I wonder if there is a way to prevent arrow from pulling data into R by default when it cannot find a suitable binding.
So that instead of getting the following warning message pulling data into R
, arrow will throw an error instead.
Is there an option I can tweak to get this behavior?
I know there is a list of active bindings I can consult on the arrow documentation.
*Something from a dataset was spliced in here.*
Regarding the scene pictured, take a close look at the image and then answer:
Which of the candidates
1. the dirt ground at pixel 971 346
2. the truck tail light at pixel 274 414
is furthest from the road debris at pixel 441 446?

However, I would like to work with the default settings mentioned above for faster iteration and experimentation without falling into long computations outside the arrow framework.
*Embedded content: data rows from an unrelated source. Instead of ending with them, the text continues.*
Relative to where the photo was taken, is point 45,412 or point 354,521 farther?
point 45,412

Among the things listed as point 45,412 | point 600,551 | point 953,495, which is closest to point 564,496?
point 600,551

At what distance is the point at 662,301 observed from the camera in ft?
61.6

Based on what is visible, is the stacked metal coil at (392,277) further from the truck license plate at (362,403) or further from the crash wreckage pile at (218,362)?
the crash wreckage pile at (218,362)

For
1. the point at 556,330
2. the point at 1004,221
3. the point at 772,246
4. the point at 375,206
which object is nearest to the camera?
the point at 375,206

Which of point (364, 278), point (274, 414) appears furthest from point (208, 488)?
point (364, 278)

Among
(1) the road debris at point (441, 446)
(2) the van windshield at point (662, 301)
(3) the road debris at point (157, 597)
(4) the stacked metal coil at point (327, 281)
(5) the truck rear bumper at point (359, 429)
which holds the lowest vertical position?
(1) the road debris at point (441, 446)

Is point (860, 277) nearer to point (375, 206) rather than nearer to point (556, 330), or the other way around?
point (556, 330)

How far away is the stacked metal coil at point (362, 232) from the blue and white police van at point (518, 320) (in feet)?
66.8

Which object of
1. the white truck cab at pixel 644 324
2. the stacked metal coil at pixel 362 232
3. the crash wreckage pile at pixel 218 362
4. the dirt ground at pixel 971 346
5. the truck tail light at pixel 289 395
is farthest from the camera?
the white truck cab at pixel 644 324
library(arrow, warn.conflicts = FALSE)
library(dplyr, warn.conflicts = FALSE)
library(stringr)
sessionInfo()
#> R version 4.1.3 (2022-03-10)
#> Platform: x86_64-apple-darwin17.0 (64-bit)
#> Running under: macOS Big Sur/Monterey 10.16
#>
#> Matrix products: default
#> BLAS: /opt/R/4.1.3/Resources/lib/libRblas.0.dylib
#> LAPACK: /opt/R/4.1.3/Resources/lib/libRlapack.dylib
#>
#> locale:
#> [1] en_US.UTF-8/en_US.UTF-8/en_US.UTF-8/C/en_US.UTF-8/en_US.UTF-8
#>
#> attached base packages:
#> [1] stats graphics grDevices utils datasets methods base
#>
#> other attached packages:
#> [1] stringr_1.4.1 dplyr_1.0.10 arrow_10.0.0
#>
#> loaded via a namespace (and not attached):
#> [1] pillar_1.8.1 compiler_4.1.3 highr_0.9 R.methodsS3_1.8.2
#> [5] R.utils_2.12.0 tools_4.1.3 digest_0.6.29 bit_4.0.4
#> [9] evaluate_0.16 lifecycle_1.0.2 tibble_3.1.8 R.cache_0.16.0
#> [13] pkgconfig_2.0.3 rlang_1.0.6 reprex_2.0.2 DBI_1.1.3
#> [17] cli_3.4.1 rstudioapi_0.14 yaml_2.3.5 xfun_0.32
#> [21] fastmap_1.1.0 withr_2.5.0 styler_1.7.0 knitr_1.40
#> [25] generics_0.1.3 fs_1.5.2 vctrs_0.4.2 bit64_4.0.5
#> [29] tidyselect_1.1.2 glue_1.6.2 R6_2.5.1 fansi_1.0.3
#> [33] rmarkdown_2.16 purrr_0.3.4 magrittr_2.0.3 htmltools_0.5.3
#> [37] assertthat_0.2.1 utf8_1.2.2 stringi_1.7.8 R.oo_1.25.0
df <- tibble(
date = c("28-Aug-21", "11-Mar-19")
)
df <- arrow::arrow_table(df)
df %>%
mutate(date = str_remove(date, "\\d{2}$"))
#> Warning: Expression str_remove(date, "\\d{2}$") not supported in Arrow; pulling
#> data into R
#> # A tibble: 2 × 1
#> date
#> <chr>
#> 1 28-Aug-
#> 2 11-Mar-
Created on 2022-11-08 with reprex v2.0.2
Many thanks for considering my request.